Los acontecimientos se han desarrollado con tanta rapidez, que la caída de Madero no hará desesperar a los que están impacientes por ocupar el puesto de él y de sus favoritos; pero la Revolución continuará su marcha triunfal; no se detendrá por el mero hecho de sentarse en la Silla Presidencial un Vázquez Gómez o un Orozco. En la sierra, en el llano, dondequiera haya un hombre de corazón, continuará la lucha contra el Capital, contra la Autoridad, contra el Clero.
Ya no se conforma el pueblo con promesas. Desde 1821 hasta la fecha, todos los ambiciosos han prometido; todos los que han tenido por mira llegar al poder, han presentado al pueblo programas deslumbrantes que tendrían que ser llevados a la práctica cuando la revolución triunfase, y en todos esos casos, sin faltar uno solo, los desheredados han sido burlados. Los aspirantes a gobernantes y los simples cazadores de empleos le han dicho al pueblo: levántate y te haré feliz, y el pueblo se ha levantado, ha derramado su sangre, se ha sacrificado, para que, llegado el día del llamado triunfo, los jefes se apoderasen de los grandes puestos, mientras los soldados, despojados de sus armas para que no constituyesen un peligro, eran despachados a sus hogares, donde los esperaban ansiosos los suyos, trasijados por el hambre, mordidos por el frio; pero con la esperanza de un cambio en sus tristes condiciones de vida.
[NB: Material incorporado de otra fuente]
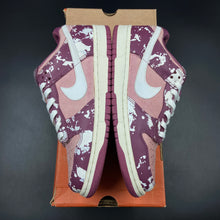 Load image into Gallery viewer, US8 Nike Dunk Low Pink Splatter (2002)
Ningún cambio se operaba: el héroe humilde de cien combates, volvía a tomar el martillo o los instrumentos de labranza por cuenta de sus amos, exactamente lo mismo que lo hacía antes; las hijas del pueblo continuaban siendo carne de placer para los amos: la leva no había desaparecido con la subida del nuevo gobernante; el hambre seguía mordiendo las carnes de los proletarios: los hijos de los trabajadores se revolcaban en el mismo lodo y crecían en la misma ignorancia, exactamente lo mismo que los niños de la generación anterior.
Eso fue así, porque los proletarios tuvieron confianza en sus jefes y creían que podría darse el milagro de llegar a tener un gobíerno bueno, y ponían en manos de las clases directoras de la sociedad, precisamente de las clases que son enemigas naturales de la clase trabajadora, la resolución de sus propios problemas. Noventa años de engaños por parte de la burguesía del dinero y de la intelectualidad, han abierto los ojos, si no de todos, de un buen número de trabajadores, que han comprendido al fin que la tierra y la maquinaría de producción no pueden caer en manos del proletariado depositando en las urnas boletas electorales para nombrarse un verdugo, sino por la acción viril de los trabajadores armados del fusil y de la dinamita.
Proletarios que militáis en las filas del vazquismo y del orozquismo: por dondequiera que paséis, abrid almacenes y graneros para que se vistan y coman los pobres y poned la tierra y todas las industrias en las manos de los trabajadores. Solamente de esa manera no quedarán chasqueados los propósitos de esta gran Revolución. Si vuestros jefes y oficiales se oponen, ¡fusiladlos sin compasión! Vecinos de los pueblos y ciudades que están en manos de los rebeldes: no paguéis los alquileres de las casas que habitáis, y si los vazquistas u orozquistas quieren obligaras a que paguéis, ¡voladlos con dinamita, pues la Revolución debe ser para beneficio de los pobres y no de la burguesía!